Panelists described small cells as anything and everything that is smaller than a macrosite, and agreed that further definition was needed as well as a greater understanding of the deployment complexities, during “Small Cells…Big Deal,” a panel at the AGL Conference, March 20, in Nashville.
“The challenge is defining exactly what is a small cell and how do you put it into a box so everybody understands it,” Seth Jones, Sprint senior manager, network engineering, said. “It is not quite baked yet. We are looking for further guidance from PCIA concerning the definition. It has an impact on zoning laws and how regulators look at what you are trying to deploy.”
At the Gaylord Opryland Resort, panelists from three major carriers — AT&T, Verizon Wireless and Sprint — and an equipment manufacturer, SpiderCloud, discussed how multi-band, multi-protocol small cells are a necessity for carriers, because they are constantly worried about exhausting their spectrum.
“We have to innovate very aggressively to make sure we have the tools to keep up the capacity offload systems, which demand multi-band, multi-protocol small cells,” Jones said.
Small cells have evolved from consumer to IT-grade enterprise technology, similar to the evolution of Wi-Fi 15 years ago, according to Russell Agle, director of business development, SpiderCloud Wireless.
“Femtocells are akin to the consumer Wi-Fi market, good for residential use, but when you get to the dense, indoor deployments, particularly for enterprises, a separate architecture is needed,” Agle said.
Jones said that increasing spectral efficiency through macrocell splitting is simply not enough to keep up with the pace of today’s data traffic.
“As carriers begin to talk almost casually about terabytes and petabytes of information, we cannot rely only on macrocells to provide all of our users with a great level of service,” Jones said. “We have to find another ways. We have to keep distributing the network and get smaller and smaller and smaller.”
Another challenge that the wireless industry faces is getting people to realize that small cells are not lick-it and stick-it technology.
“The early intoxicating idea was that all it took to deploy a small cell was to stick it on a wall and plug it in, and it would be fully integrated and self-discovered,” Jones said. “These technologies take a lot of integration work, a lot of network optimization.”

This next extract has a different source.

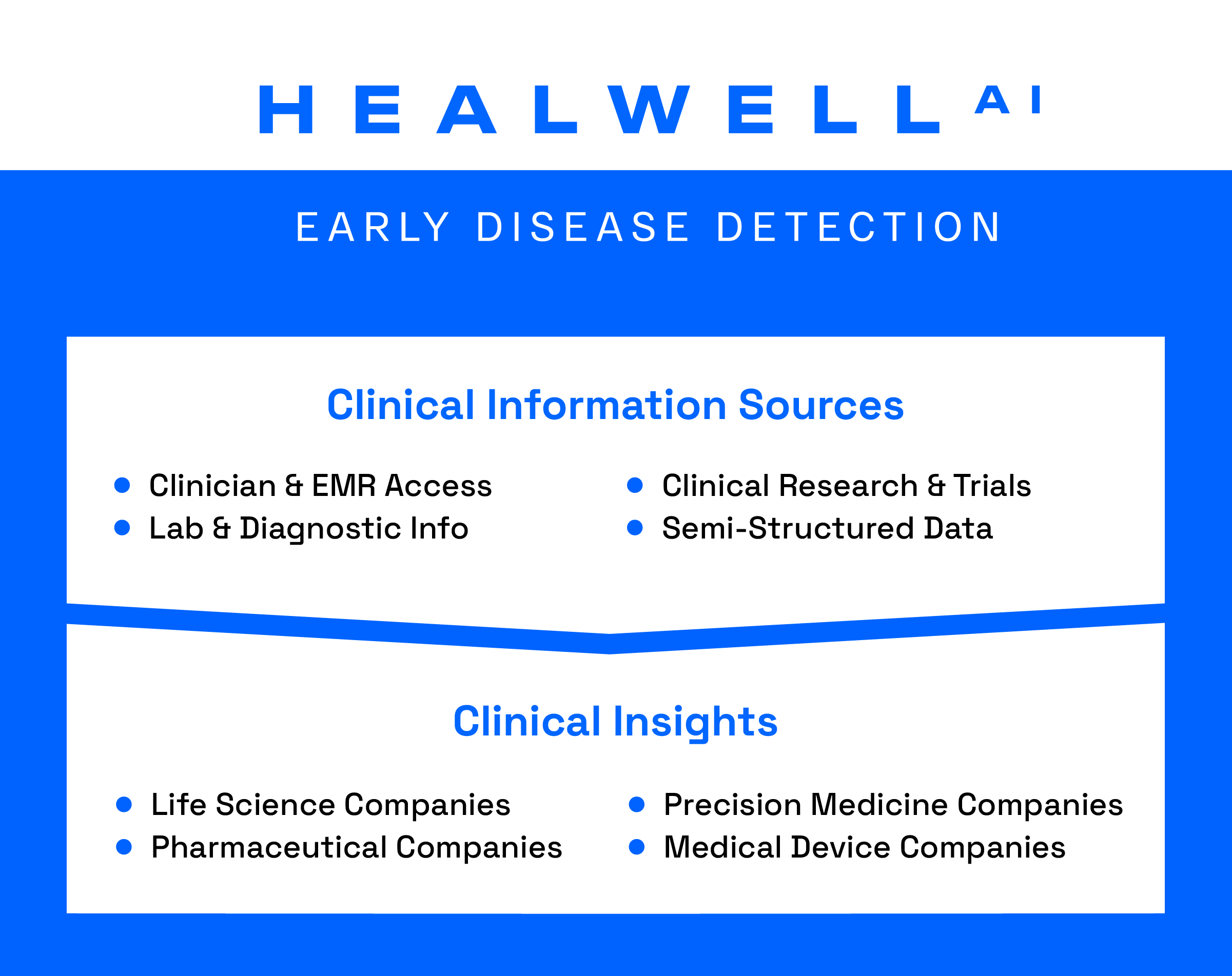Clinical Information Sources include: Clinician & EMR Access, Lab & Diagnostic Info, Clinical Research & Trials, Semi-Structured data. HEALWELL AI's Clinical Insights serve: Life Science companies, Pharmaceutical companies, Precision Medicine Companies, Medical Device Companies.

Panelists described smalls as being at the base of the “growth hockey stick.” In the next three years, carriers will deploy a huge number of metrocells, microcells, picocells, which will provide ample opportunities for the industry as a majority of that work will be outsourced, according to Melissa Ashurst, area business development manager, AT&T Antenna Services Group.
“AT&T is working with partners to design and deploy small cells,” Ashurst said. “It is not something just anyone can do.”